### Assignment
Your answer should be the exact lines of the data below from the one containing "SHOULD'A NEVER DONE" through the one containing "Happy Birthday Lakin"; please include nothing else.

### Entries provided
————————

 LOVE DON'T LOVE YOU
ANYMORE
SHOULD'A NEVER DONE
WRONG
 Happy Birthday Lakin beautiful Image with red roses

————————

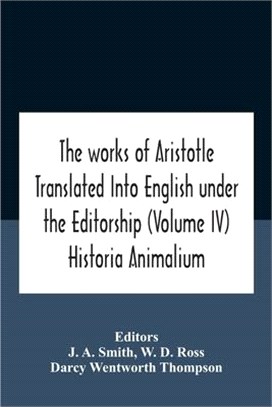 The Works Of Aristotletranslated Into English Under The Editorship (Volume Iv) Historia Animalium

————————

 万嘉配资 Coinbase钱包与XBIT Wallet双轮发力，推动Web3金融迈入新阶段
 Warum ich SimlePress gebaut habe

————————

### Response to the exercise
SHOULD'A NEVER DONE
WRONG
 Happy Birthday Lakin beautiful Image with red roses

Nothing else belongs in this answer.